Builder partially degraded service

Incident Report for balena.io

Postmortem

Summary

On November 12, 2025, we experienced an incident causing increased build failures. This was traced to a significant network issue upstream of our hosting provider, which was outside their direct control. Build success rates returned to normal as of 17:15 UTC, and we formally closed the incident at 20:00 UTC after a period of extended monitoring.

What Happened

A network issue between upstream service providers resulted in severe packet loss. This network degradation disrupted connections to our remote builder workers, causing an increase in builds failing with connection timeout errors (e.g., ETIMEDOUT).

Our Response & Mitigation

  • While the upstream network issue was being addressed, we brought additional builder workers online in unaffected regions to successfully route and process builds.
  • We were in communication with our hosting provider, who was monitoring the external network problem.

Resolution

  • Recovery (17:15 UTC): The upstream network provider resolved the issue, and we observed build failure rates and connection quality return to normal levels.
  • Incident Closed (20:00 UTC): After an extended period of monitoring to ensure all systems remained stable, we formally closed the incident.

We apologize for the disruption this caused.

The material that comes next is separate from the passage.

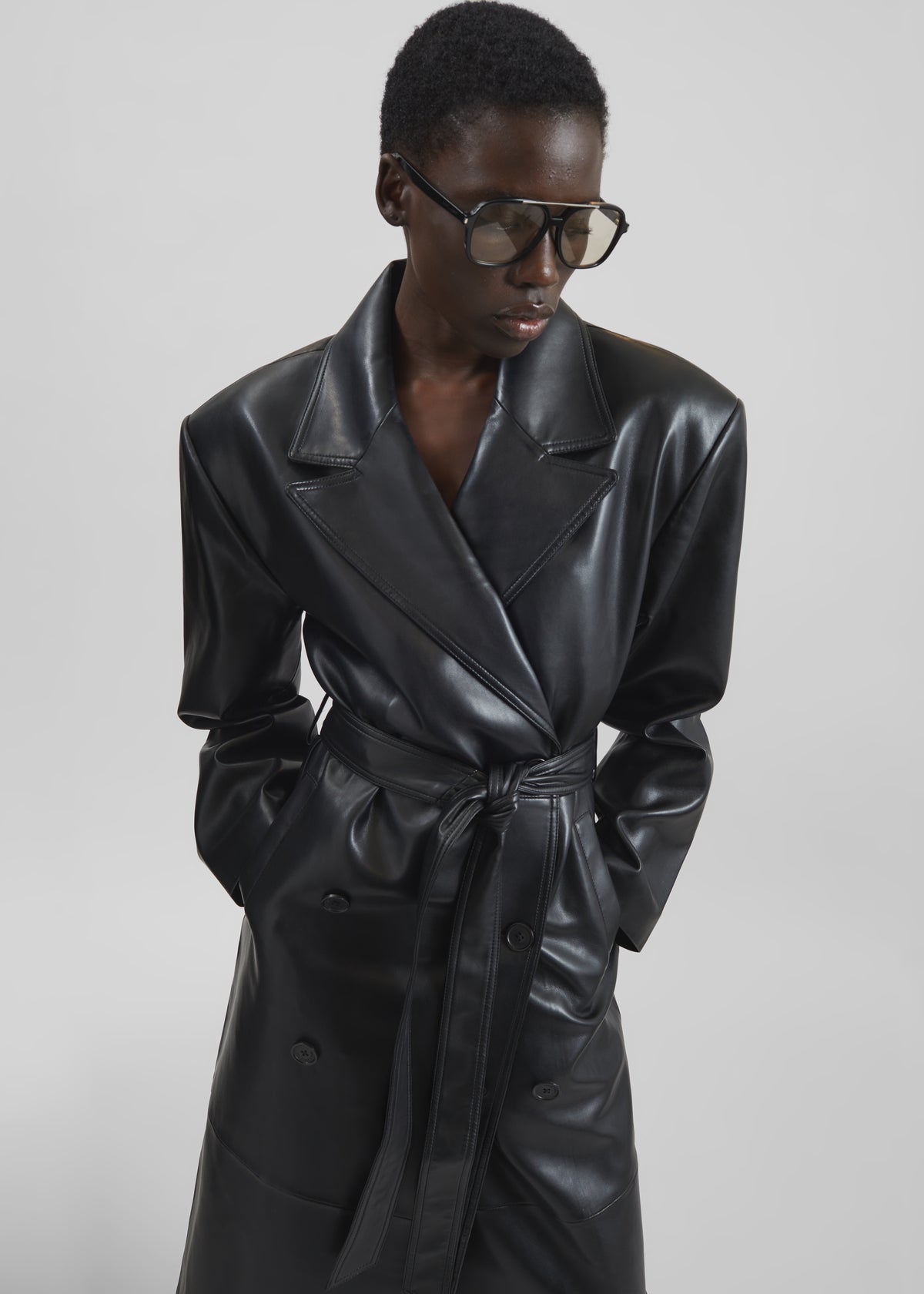 Tina Faux Leather Trench Coat - Black - 10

Posted Nov 12, 2025 - 20:09 UTC

Resolved

This incident has been resolved.
Posted Nov 12, 2025 - 19:58 UTC

Monitoring

A fix has been implemented and we are monitoring the results.
Posted Nov 12, 2025 - 17:14 UTC

Identified

We have observed packet loss in the connections to our builder workers. We are working with our upstream provider to fix the issue. We have also provisioned a few replacement workers in an alternative location while we mitigate the problem.
Posted Nov 12, 2025 - 15:01 UTC

Investigating

We are currently investigating this issue.
Posted Nov 12, 2025 - 09:13 UTC
This incident affected: Application Builder.